University of Washington researchers have developed new algorithms that can turn audio clips into a realistic, lip-synced video of the person speaking those words.
As detailed in a paper to be presented August 2 at SIGGRAPH 2017 in L.A., the team successfully generated realistic video of former president Barack Obama talking about terrorism, fatherhood, job creation and other topics using audio clips of those speeches and existing weekly video addresses that were originally on a different topic.
Ira Kemelmacher-Shlizerman, an assistant professor at the UW's Paul G. Allen School of Computer Science & Engineering said, Realistic audio-to-video conversion has practical applications like improving video conferencing for meetings, as well as futuristic ones such as being able to hold a conversation with a historical figure in virtual reality by creating visuals just from audio.
In a visual form of lip-syncing, the system converts audio files of an individual's speech into realistic mouth shapes, which are then grafted onto and blended with the head of that person from another existing video.
In the future video, chat tools like Skype or Messenger will enable anyone to collect videos that could be used to train computer models, Kemelmacher-Shlizerman said.
Because streaming audio over the internet takes up far less bandwidth than video, the new system has the potential to end video chats that are constantly timing out from poor connections.
When you watch Skype or Google Hangouts, often the connection is stuttery and low-resolution and really unpleasant, but often the audio is pretty good, said co-author and Allen School professor Steve Seitz.

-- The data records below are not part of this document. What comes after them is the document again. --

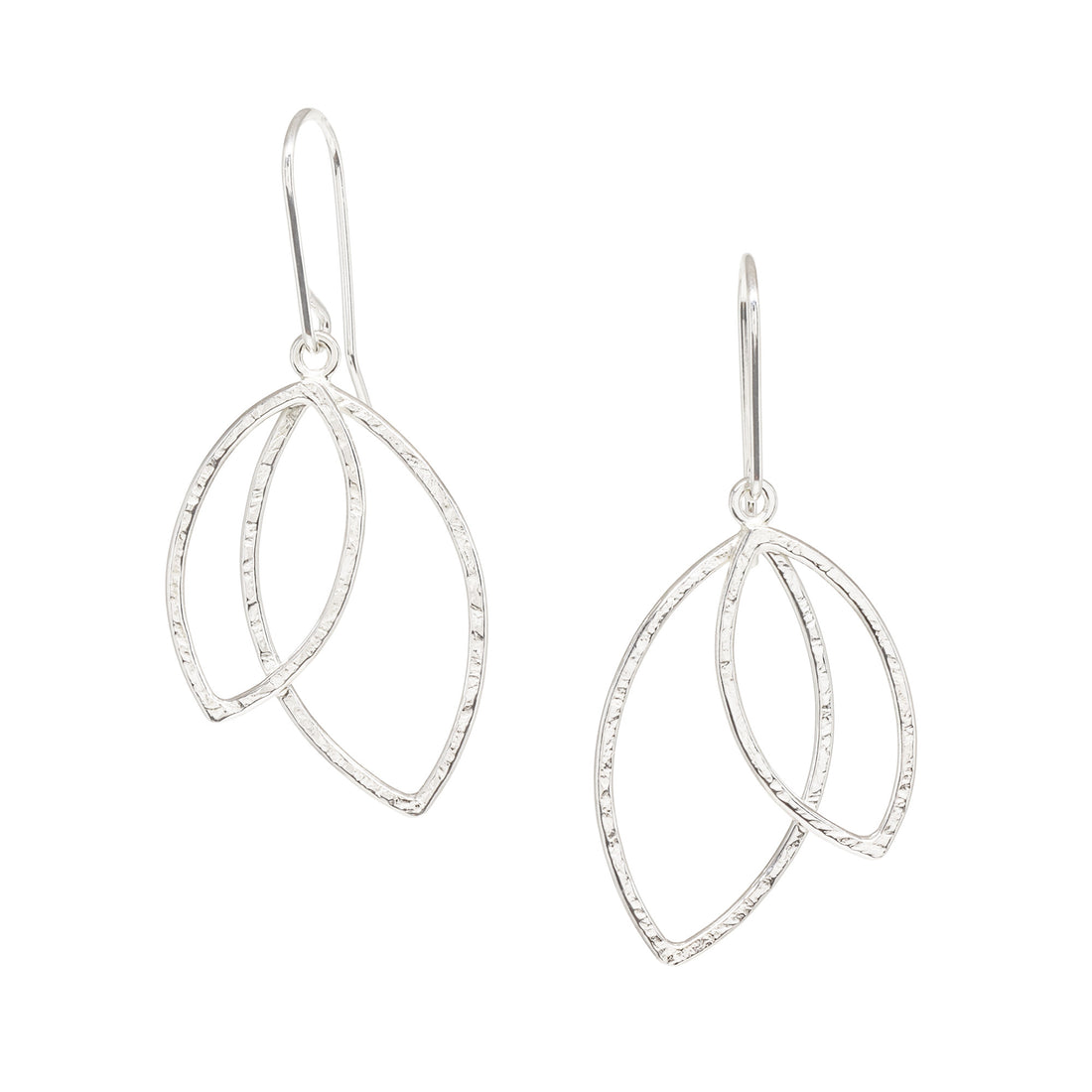 Double Leaf Earrings - Large - Bright Sterling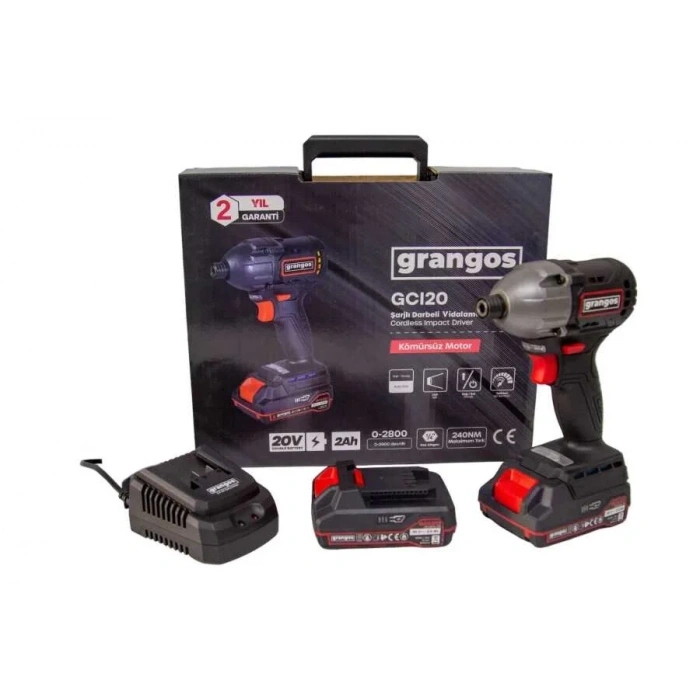 GCI20-T2 20V 2 AH ÇİFT AKÜLÜ TORKLU VİDALAMA 1/4 F HEX 240 NM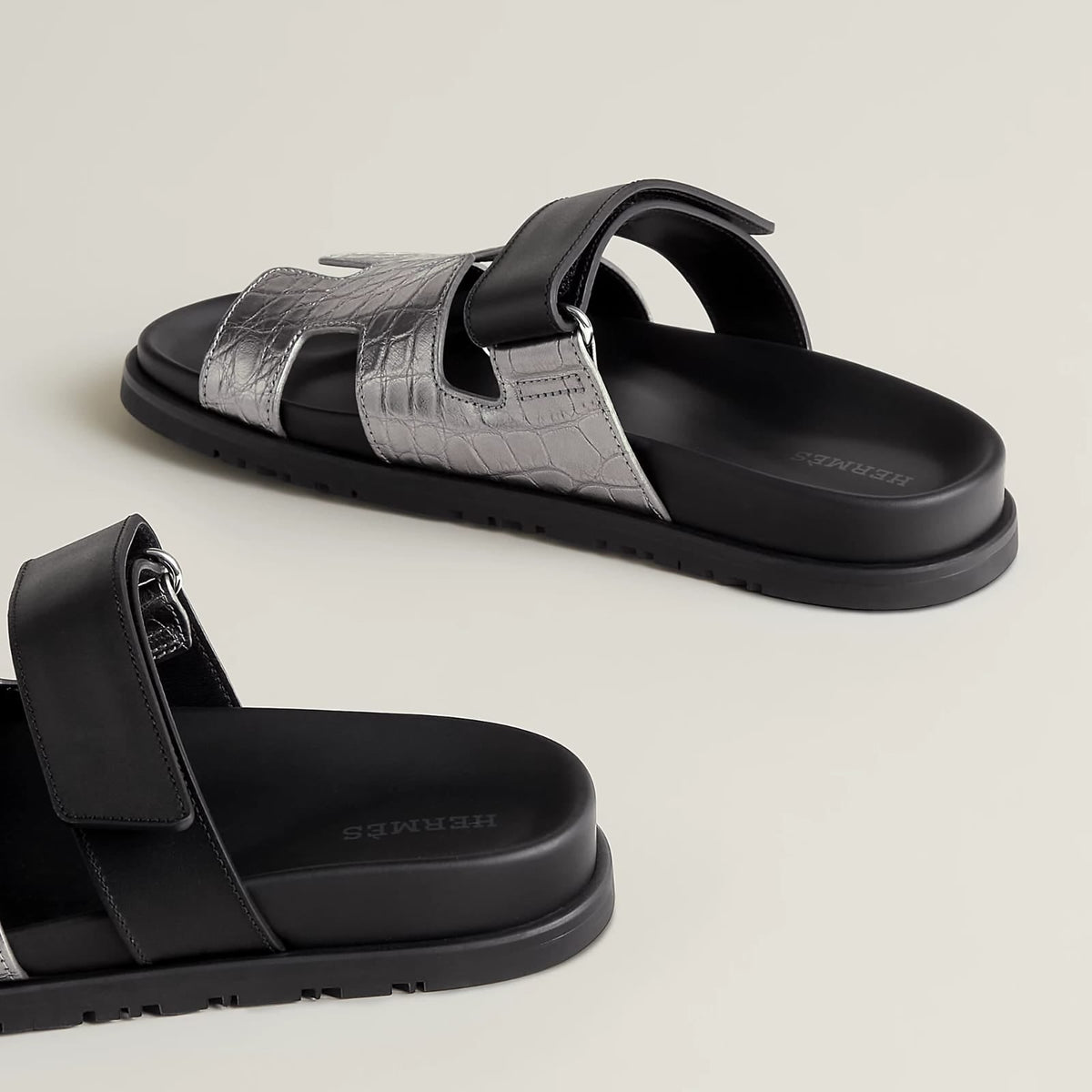 Hermès Techno-Sandal In Anatomical Rubber Sole And Adjustable Strap 5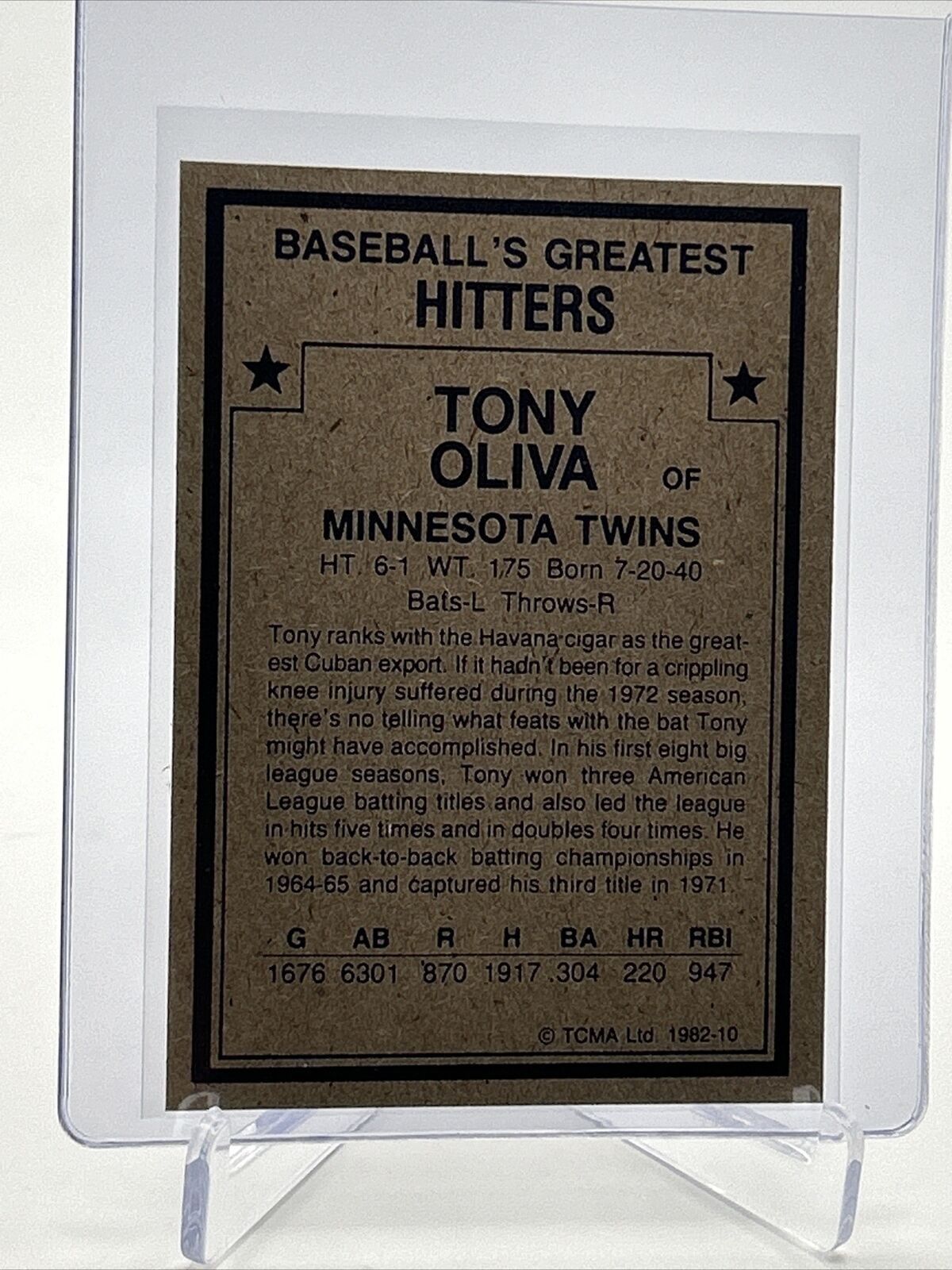 1982 TCMA Greatest Hitters Tony Oliva Baseball Card #10 Mint FREE SHIPPING
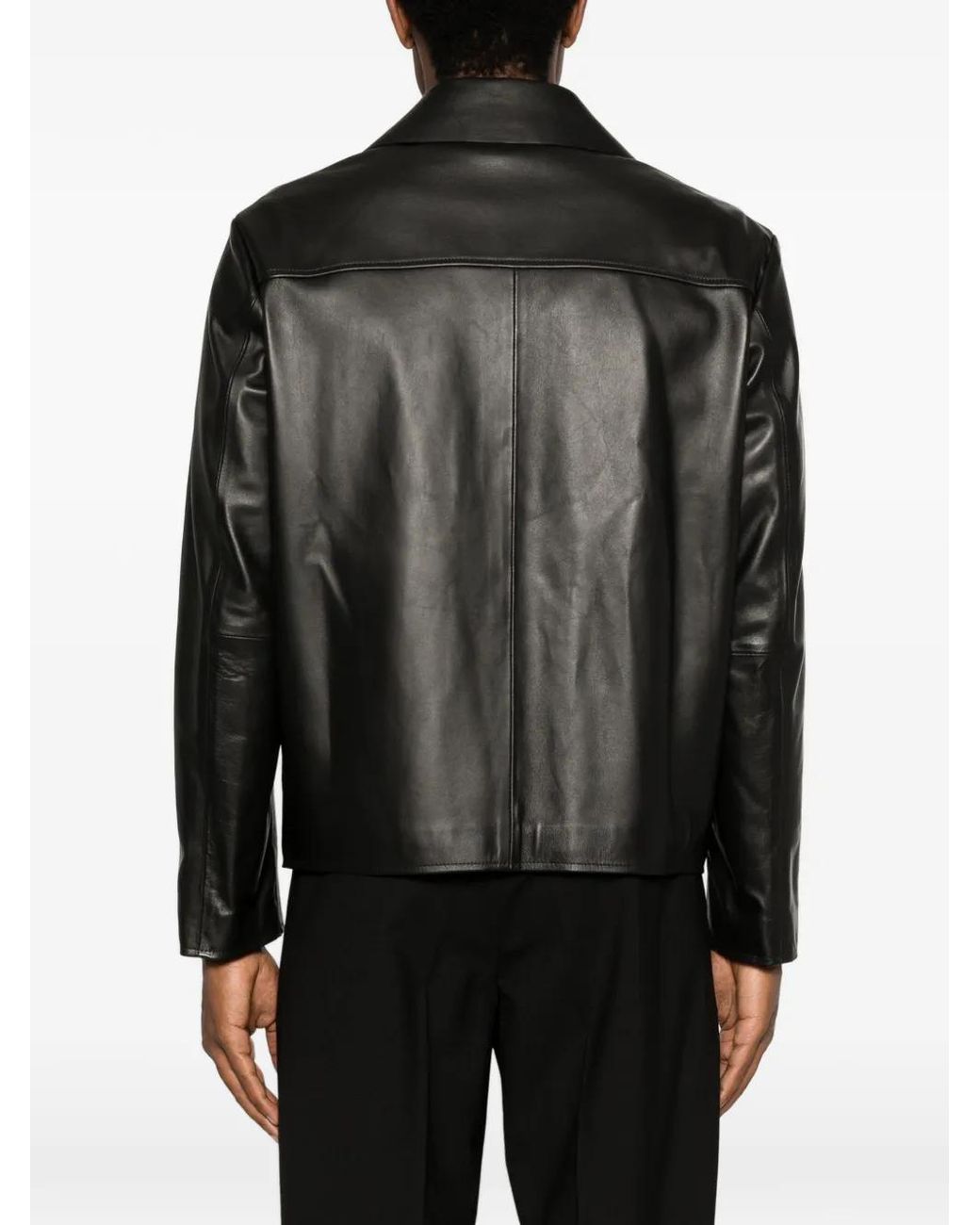 Lardini Black Leather Flap-Pocket Jacket for men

So if you could use the audio to produce much higher-quality video, that would be terrific.
By reversing the process feeding video into the network instead of just audio the team could also potentially develop algorithms that could detect whether a video is real or manufactured.
The new machine learning tool makes significant progress in overcoming what's known as the uncanny valley problem, which has dogged efforts to create realistic video from audio. When synthesised human likenesses appear to be almost real but still manage to somehow miss the mark people find them creepy or off-putting.
People are particularly sensitive to any areas of your mouth that don't look realistic, said lead author Supasorn Suwajanakorn, a recent doctoral graduate in the Allen School. If you don't render teeth right or the chin moves at the wrong time, people can spot it right away and it's going to look fake. So you have to render the mouth region perfectly to get beyond the uncanny valley.
A neural network first converts the sounds from an audio file into basic mouth shapes. Then the system grafts and blends those mouth shapes onto an existing target video and adjusts the timing to create a new realistic, lip-synced video.
Previously, audio-to-video conversion processes have involved filming multiple people in a studio saying the same sentences over and over to try to capture how a particular sound correlates to different mouth shapes, which is expensive, tedious and time-consuming. By contrast, Suwajanakorn developed algorithms that can learn from videos that exist in the wild on the internet or elsewhere.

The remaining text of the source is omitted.